Больной вздрогнул. Медсестра быстро подошла и пощупала его пульс.
Донья Пилар зажгла свечу и всмотрелась в лицо мужа: когда они встретились взглядами, она прочла в его глазах немой ужас.
Она обернулась к медсестре и сказала ровным, тихим голосом:
— Пошлите, пожалуйста, за священником.
Священник пришел после благовеста. Это был рослый молодой человек со стриженой головой, застенчивой улыбкой, слегка прихрамывающий — новый коадъютор прихода, назначенный сюда после окончания семинарии. О том, что он новичок, можно было судить по неловкости в движениях, когда он надевал при рассеянном свете свечей и электрической лампочки свой стихарь.
Донья Пилар сказала:
— Боюсь, отец Сантос, что исповедоваться он не сможет. Он потерял дар речи.

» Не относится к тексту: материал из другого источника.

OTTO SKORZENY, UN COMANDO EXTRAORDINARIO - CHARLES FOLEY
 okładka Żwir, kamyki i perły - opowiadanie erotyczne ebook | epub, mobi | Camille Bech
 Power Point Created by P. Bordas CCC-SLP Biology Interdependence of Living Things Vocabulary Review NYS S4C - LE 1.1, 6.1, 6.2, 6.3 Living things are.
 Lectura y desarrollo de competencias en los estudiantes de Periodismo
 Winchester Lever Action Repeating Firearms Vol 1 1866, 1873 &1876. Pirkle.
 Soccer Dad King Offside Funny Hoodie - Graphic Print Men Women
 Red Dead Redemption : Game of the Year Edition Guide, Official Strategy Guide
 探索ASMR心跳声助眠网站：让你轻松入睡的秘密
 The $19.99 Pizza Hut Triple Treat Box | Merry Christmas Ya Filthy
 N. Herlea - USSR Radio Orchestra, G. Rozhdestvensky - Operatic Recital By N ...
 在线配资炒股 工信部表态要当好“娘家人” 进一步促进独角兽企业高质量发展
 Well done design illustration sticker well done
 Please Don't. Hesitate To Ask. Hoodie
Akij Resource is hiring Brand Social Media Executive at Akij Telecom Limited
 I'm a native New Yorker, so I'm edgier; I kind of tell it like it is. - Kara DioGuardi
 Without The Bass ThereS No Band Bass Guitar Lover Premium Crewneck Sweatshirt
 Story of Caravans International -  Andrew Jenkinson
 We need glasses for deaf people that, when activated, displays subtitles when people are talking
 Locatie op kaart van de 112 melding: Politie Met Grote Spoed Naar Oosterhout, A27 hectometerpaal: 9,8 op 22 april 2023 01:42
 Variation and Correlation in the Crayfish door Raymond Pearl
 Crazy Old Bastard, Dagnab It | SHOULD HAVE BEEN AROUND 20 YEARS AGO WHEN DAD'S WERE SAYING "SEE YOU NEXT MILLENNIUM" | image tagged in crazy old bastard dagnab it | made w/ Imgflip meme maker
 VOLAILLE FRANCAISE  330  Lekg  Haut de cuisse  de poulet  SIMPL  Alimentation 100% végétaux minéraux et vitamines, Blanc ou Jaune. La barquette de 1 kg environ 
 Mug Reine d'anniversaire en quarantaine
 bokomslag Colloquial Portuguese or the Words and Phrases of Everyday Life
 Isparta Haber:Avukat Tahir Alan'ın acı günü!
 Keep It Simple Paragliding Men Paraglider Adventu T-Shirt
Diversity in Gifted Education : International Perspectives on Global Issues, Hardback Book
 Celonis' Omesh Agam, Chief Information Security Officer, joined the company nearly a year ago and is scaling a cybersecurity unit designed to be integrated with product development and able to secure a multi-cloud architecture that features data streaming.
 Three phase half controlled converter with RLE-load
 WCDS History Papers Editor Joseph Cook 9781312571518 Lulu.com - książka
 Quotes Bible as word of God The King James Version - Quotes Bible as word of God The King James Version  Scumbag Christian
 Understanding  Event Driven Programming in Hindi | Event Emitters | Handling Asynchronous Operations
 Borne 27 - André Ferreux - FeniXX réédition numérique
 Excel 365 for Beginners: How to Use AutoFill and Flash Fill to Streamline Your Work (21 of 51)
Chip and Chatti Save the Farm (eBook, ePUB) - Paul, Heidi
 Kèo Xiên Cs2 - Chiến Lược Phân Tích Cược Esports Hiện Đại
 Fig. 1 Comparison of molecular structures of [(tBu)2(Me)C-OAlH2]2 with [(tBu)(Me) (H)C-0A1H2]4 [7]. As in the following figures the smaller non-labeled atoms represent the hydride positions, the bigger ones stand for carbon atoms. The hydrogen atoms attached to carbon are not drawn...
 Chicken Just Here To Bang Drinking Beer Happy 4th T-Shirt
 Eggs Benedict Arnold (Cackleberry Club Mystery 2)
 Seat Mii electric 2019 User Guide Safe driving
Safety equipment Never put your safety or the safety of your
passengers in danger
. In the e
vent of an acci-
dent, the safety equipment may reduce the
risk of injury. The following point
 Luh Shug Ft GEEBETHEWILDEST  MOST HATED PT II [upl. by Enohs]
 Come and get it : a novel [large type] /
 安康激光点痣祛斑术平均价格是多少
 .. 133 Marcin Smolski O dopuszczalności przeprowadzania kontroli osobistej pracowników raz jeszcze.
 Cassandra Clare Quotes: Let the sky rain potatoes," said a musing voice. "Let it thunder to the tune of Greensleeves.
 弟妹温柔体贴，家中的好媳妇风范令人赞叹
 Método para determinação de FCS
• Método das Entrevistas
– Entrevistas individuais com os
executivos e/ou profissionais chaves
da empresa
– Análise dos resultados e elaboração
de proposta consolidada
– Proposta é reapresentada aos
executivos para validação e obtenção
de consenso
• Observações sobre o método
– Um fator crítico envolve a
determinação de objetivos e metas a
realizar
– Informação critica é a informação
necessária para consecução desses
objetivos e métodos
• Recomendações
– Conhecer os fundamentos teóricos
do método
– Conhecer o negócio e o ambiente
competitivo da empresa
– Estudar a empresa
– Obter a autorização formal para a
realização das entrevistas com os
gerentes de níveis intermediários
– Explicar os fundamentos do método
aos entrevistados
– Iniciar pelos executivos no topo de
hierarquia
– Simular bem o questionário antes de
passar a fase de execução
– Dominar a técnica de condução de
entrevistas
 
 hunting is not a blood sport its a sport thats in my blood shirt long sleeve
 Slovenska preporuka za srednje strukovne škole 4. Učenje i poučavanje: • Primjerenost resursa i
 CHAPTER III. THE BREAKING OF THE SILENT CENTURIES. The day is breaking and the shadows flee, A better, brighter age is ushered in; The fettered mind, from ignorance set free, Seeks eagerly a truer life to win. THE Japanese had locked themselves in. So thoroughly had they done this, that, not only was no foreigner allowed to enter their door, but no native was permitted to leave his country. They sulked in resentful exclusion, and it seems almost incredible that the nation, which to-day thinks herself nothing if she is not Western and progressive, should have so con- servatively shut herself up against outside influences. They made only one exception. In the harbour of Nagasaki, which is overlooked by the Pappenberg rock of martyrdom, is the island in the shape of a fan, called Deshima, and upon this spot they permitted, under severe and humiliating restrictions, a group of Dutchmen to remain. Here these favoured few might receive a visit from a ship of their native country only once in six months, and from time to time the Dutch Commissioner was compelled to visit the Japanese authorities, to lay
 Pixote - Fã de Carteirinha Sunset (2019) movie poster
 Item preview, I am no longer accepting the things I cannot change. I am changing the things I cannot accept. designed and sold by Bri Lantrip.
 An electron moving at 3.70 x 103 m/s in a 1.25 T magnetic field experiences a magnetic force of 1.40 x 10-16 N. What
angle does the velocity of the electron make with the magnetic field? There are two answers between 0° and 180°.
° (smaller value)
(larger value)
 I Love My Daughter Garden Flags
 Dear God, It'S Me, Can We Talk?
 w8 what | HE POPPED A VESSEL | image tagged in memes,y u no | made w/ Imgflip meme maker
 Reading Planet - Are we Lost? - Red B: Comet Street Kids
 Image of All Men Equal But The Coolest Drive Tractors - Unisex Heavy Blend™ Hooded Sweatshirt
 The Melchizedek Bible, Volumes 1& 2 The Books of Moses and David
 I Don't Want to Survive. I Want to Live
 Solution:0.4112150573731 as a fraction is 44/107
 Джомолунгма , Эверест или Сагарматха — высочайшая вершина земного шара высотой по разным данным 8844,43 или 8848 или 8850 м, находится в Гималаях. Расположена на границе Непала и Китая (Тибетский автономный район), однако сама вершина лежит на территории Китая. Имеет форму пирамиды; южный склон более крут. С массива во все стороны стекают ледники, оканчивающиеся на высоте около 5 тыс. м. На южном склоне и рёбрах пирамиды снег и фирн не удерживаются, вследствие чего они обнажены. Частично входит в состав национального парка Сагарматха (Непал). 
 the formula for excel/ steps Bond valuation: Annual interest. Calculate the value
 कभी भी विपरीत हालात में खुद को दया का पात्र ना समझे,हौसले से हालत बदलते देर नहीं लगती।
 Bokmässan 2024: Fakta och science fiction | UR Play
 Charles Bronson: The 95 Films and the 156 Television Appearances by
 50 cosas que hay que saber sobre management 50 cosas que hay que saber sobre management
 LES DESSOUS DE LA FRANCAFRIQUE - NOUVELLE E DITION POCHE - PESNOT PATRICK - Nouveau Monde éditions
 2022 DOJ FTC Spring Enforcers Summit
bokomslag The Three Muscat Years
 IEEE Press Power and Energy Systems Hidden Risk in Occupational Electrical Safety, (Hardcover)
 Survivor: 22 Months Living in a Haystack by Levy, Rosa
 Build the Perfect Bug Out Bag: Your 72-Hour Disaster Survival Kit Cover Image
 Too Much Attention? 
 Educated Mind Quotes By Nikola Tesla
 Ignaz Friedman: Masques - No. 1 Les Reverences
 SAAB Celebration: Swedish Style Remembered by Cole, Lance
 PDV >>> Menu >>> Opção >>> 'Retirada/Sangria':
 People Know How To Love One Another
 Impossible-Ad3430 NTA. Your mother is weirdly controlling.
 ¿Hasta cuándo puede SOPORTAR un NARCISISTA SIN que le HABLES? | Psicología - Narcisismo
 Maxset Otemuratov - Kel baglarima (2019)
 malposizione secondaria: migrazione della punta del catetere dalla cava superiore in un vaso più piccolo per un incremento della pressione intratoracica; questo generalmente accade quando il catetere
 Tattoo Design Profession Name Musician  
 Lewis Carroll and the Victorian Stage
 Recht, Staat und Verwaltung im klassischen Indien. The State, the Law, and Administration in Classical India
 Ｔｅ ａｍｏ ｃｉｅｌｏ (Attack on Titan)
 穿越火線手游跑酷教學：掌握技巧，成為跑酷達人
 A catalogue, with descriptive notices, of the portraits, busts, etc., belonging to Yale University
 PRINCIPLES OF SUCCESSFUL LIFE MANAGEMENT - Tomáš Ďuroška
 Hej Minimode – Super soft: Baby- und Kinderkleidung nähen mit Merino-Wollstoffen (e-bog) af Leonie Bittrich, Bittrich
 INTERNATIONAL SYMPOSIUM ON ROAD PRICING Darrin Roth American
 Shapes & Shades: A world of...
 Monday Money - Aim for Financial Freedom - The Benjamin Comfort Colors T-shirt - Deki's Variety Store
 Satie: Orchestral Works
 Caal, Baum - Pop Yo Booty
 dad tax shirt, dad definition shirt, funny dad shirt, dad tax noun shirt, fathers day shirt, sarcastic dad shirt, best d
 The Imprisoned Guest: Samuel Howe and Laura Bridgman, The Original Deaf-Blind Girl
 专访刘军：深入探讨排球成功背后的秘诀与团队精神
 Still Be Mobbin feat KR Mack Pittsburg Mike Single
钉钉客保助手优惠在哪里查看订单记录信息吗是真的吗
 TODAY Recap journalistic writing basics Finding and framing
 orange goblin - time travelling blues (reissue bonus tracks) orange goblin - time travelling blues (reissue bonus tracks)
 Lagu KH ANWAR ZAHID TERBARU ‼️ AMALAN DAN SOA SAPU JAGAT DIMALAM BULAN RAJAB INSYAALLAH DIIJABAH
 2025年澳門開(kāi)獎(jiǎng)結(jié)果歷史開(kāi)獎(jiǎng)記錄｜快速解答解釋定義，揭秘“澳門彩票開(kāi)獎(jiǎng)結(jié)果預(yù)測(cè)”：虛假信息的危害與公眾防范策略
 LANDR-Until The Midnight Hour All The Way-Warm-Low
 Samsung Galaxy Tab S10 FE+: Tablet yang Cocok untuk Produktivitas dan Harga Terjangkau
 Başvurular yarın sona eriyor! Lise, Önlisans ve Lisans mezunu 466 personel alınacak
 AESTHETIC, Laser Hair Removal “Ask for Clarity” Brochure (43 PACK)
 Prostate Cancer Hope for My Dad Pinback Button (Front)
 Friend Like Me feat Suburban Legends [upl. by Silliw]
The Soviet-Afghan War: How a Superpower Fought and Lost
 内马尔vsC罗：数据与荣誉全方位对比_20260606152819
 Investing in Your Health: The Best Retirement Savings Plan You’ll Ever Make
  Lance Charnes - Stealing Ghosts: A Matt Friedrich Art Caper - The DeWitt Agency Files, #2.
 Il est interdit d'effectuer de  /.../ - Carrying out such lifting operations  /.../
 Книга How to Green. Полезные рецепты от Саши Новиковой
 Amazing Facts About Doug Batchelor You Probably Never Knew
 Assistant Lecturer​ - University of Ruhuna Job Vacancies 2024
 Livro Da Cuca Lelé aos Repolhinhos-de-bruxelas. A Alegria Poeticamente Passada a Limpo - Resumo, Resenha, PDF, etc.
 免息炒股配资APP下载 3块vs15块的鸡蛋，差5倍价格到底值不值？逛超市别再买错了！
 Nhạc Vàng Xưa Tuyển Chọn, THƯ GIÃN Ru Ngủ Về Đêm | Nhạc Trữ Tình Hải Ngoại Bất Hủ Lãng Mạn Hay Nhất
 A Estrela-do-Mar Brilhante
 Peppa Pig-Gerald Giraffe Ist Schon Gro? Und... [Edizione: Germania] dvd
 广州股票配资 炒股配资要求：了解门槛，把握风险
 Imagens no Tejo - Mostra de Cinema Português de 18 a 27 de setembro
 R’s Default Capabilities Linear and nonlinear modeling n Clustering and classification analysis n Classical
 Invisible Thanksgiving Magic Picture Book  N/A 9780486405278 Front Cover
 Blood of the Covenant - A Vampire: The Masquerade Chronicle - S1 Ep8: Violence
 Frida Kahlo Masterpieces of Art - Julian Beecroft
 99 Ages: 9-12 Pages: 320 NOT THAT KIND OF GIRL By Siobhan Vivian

Отец Сантос потер подбородок, как бы проверяя, чисто ли он выбрит.
— Ничего, — сказал он неожиданно низким и звучным голосом. — Он может отвечать и жестом.
Священник поставил на стол, перед распятием и свечами, серебряный сосуд с елеем. Склонился над доном Рикардо и осенил его крестным знамением.
— Покайся в грехах своих, — начал он. — Признайся, что прогневил всевышнего… Покайся господу. Я — пастырь… Ну, подай же знак. — Глаза умирающего по-прежнему выражали только неописуемый страх. Лоб священника повлажнел, лоснилось от пота и его благочестивое мальчишеское лицо. — Признайся богу в грехах своих. — Он торопливо, будто не желая обременять слух присутствующих таинственным звучанием чужого языка, пробормотал по-латыни отпущение грехов.